Выслушав нас, Малышев саркастически ухмыльнулся:

– Так я и думал, что обсуждение этого вопроса вы начнете с взаимной пикировки: кто кого привез, кто мог выбросить пульт, а кто нет. Теперь слушайте суть: 31 декабря был рабочий день. Наш дворник утром выбросил из урны все содержимое. Вечером первого января пульт лежал поверх всего остального мусора, то есть подкинули его за несколько часов до того, как дежурный вышел покурить. Все, кого вы привезли из кафе в управление, никакого отношения к пульту не имеют.

– Первого января посетителей в УВД не было, так что пульт могли подбросить утром, – высказал свое мнение я.

– Или в самый канун Нового года, – дополнил Клементьев. – Разброс по времени у нас получается достаточно приличный – сутки или около того.

– Вы идете не в том направлении, – заявил нам Малышев. – Не имея человека, нечего ломать голову над временем. Мотив – вот что главное в этом пульте! Зачем нам его подбросили? Навести на ложный след? На какой? Сам по себе пульт к организатору взрыва не приведет. Взрывотехник из КГБ, как только вскрыл пульт, сразу же сказал, что он собран из деталей радиотехнического конструктора «Юный связист». Такой пульт любой школьник мог спаять.

– Не любой, – возразил я. – Чтобы собрать действующий прибор, надо уметь читать радиосхему. Припаять транзистор к плате и я бы смог, а вот куда его втыкать, это для меня – темный лес.

– У меня с радиоделом еще хуже, – признался Клементьев. – Я не представляю, как транзистор выглядит и для чего он вообще нужен.

– Давайте подведем итог технической стороны дела, – предложил Малышев. – Как пояснил мне кагэбэшник, из конструктора «Юный связист» можно собрать пульт для дистанционного включения телевизора или коротковолновый маломощный передатчик. Найденный в урне пульт – это прибор, посылающий радиосигнал на определенной частоте. Грубо говоря, пульт – это передатчик, а устройство в бомбе – приемник. У нас есть пульт, который может быть передатчиком для радиовзрывателя, а может и не быть. Давайте оставим один процент на то, что этим пультом радиолу включали.

– На пульте нет чужих отпечатков пальцев? – спросил Клементьев.

– Никаких нет. Дежурный его за плоские поверхности руками не брал.

– Тогда это не пульт от радиолы, – уверенно заявил Геннадий Александрович. – Простой радиолюбитель не станет отпечатки пальцев со своего изделия стирать. Это пульт от бомбы или полный аналог такого пульта.

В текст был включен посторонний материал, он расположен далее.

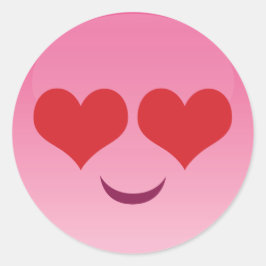 Pegatina Redonda Emoji de ojos cardíacos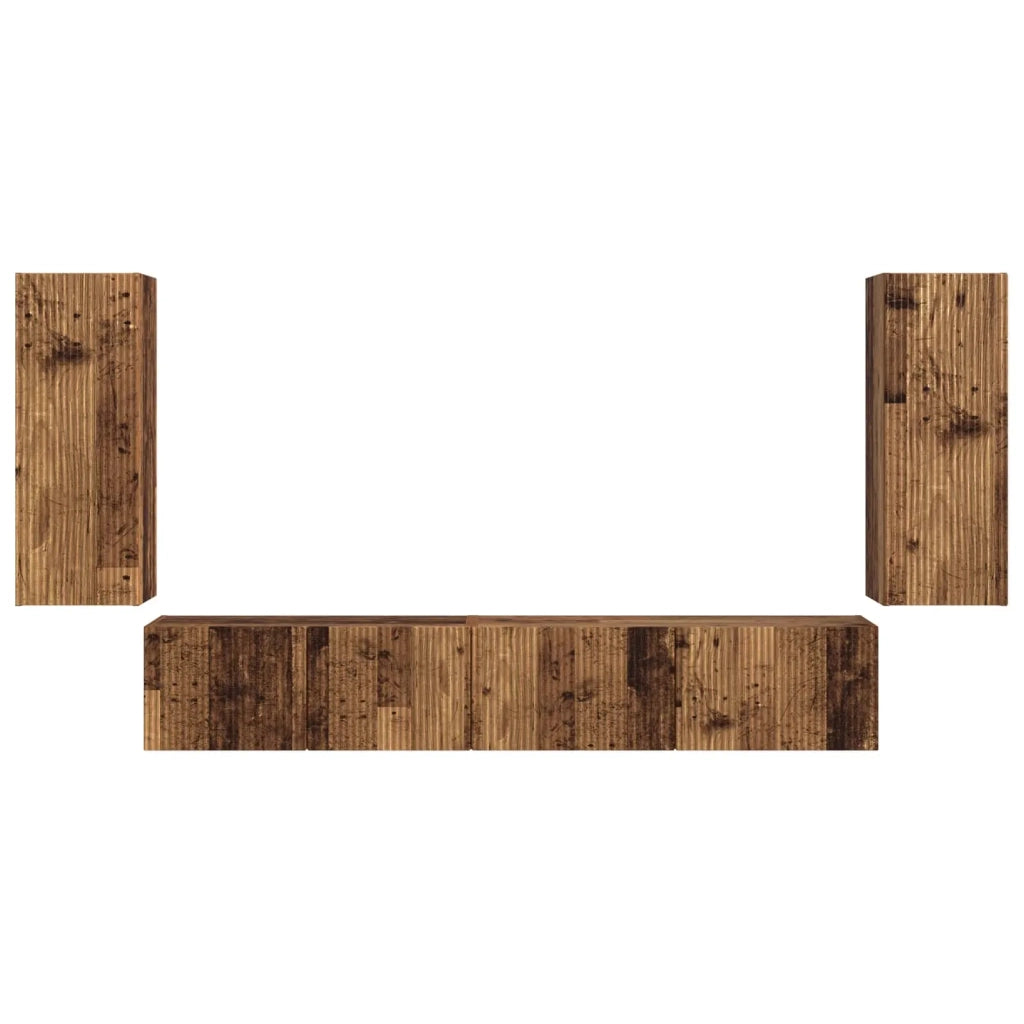 Set mobile TV 4 pz-Credenza per TV Legno vecchio Legno multistrato 854980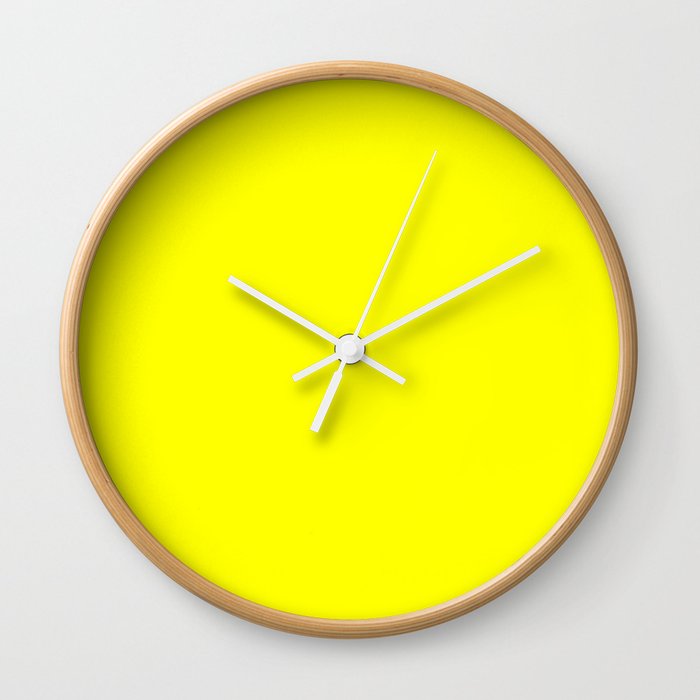 Bright Fluorescent Yellow Neon Wall Clock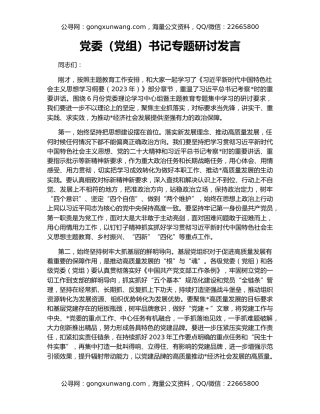 党委（党组）书记专题研讨发言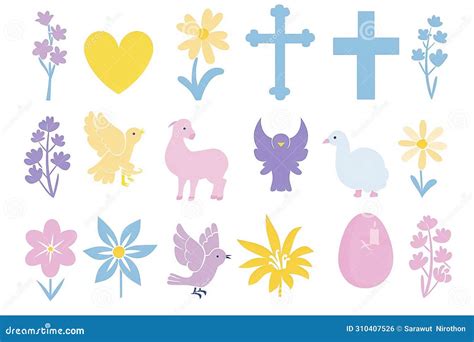 Religious Symbols Easter Clip Art Featuring Iconic Religious Symbols Such As Crosses Doves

– Не удивлюсь, если следователь прокуратуры затребует фотографии всех сотрудников УВД, – сказал я. – Пульт в урне прочерчивает явный след от кафе к нам.

– Я так же думаю, – подвел итог Малышев. – Пульт – это намек, что милиционеры, которых впустил во «Встречу» швейцар, – наши работники. Давайте готовиться к грандиозной провокации. Под подозрение может попасть любой сотрудник УВД, который не имеет алиби на момент взрыва.

– Если Самошкин замешан в этом деле, то ему ничего не стоит ткнуть пальцем в любую фотографию, и доказывай потом, что ты не верблюд! – развил мысль начальника Клементьев. – У меня железное алиби – я был в управлении, а вот у моих оперов, кроме Матвеева, такого алиби нет. Взрыв был в субботу вечером, все уже разошлись по домам.

– Геннадий Александрович, держи Самошкина на контроле, – велел Малышев. – Постарайся сделать так, чтобы прокурорский следователь не оставался с ним один на один.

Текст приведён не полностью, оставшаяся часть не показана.